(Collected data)
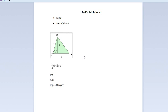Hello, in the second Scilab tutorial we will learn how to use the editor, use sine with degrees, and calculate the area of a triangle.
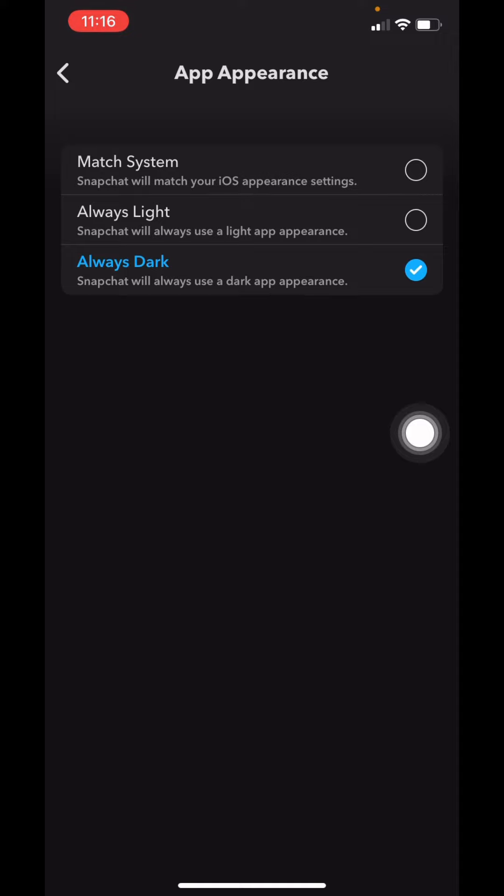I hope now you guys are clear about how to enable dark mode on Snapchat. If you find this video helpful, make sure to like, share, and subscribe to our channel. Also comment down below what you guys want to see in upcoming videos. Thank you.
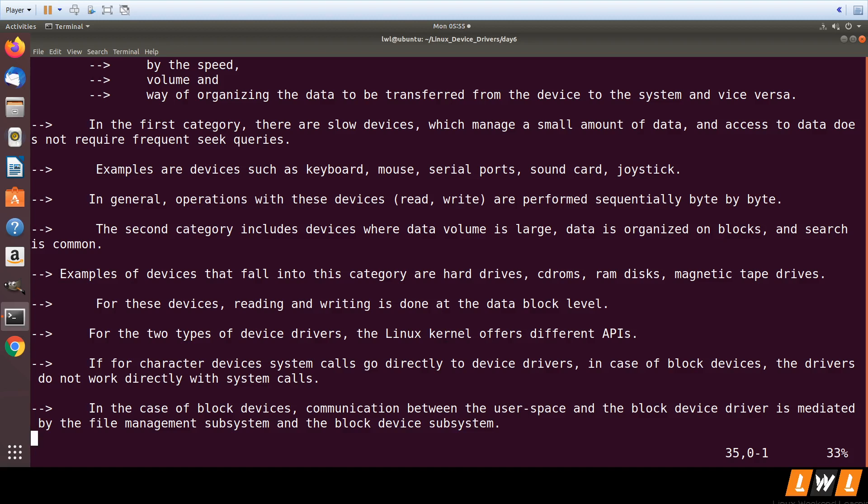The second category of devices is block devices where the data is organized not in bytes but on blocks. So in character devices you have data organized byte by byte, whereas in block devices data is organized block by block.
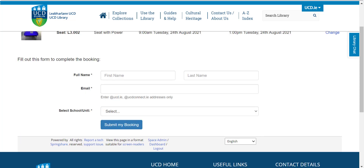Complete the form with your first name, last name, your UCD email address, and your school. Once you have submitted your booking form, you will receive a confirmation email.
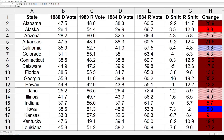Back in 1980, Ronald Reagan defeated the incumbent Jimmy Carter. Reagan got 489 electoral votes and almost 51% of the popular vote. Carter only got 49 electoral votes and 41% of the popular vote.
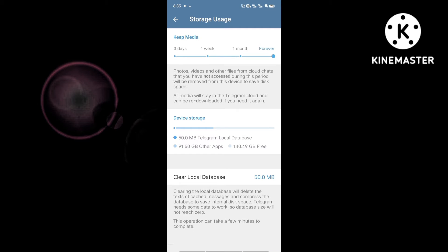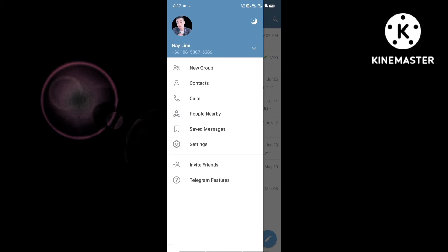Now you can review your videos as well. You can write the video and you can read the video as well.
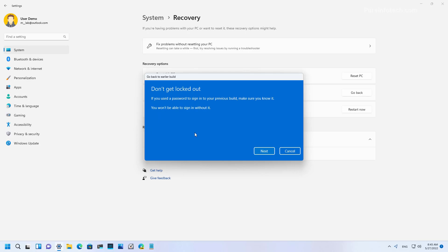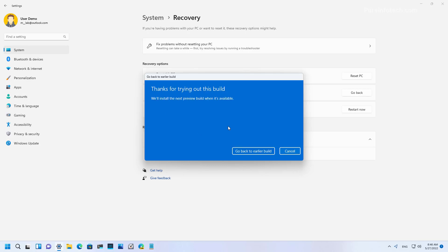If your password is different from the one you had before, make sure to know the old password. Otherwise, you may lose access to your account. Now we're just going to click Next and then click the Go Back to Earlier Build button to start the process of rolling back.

- **YOUR GOAL**
Only the lines from the one containing "Back in 1980, Ronald" through the last line of the entries above belong in the copy; reproduce them exactly and drop every picture.

- **COMPLETED EXERCISE**
Back in 1980, Ronald Reagan defeated the incumbent Jimmy Carter. Reagan got 489 electoral votes and almost 51% of the popular vote. Carter only got 49 electoral votes and 41% of the popular vote.
Now you can review your videos as well. You can write the video and you can read the video as well.
If your password is different from the one you had before, make sure to know the old password. Otherwise, you may lose access to your account. Now we're just going to click Next and then click the Go Back to Earlier Build button to start the process of rolling back.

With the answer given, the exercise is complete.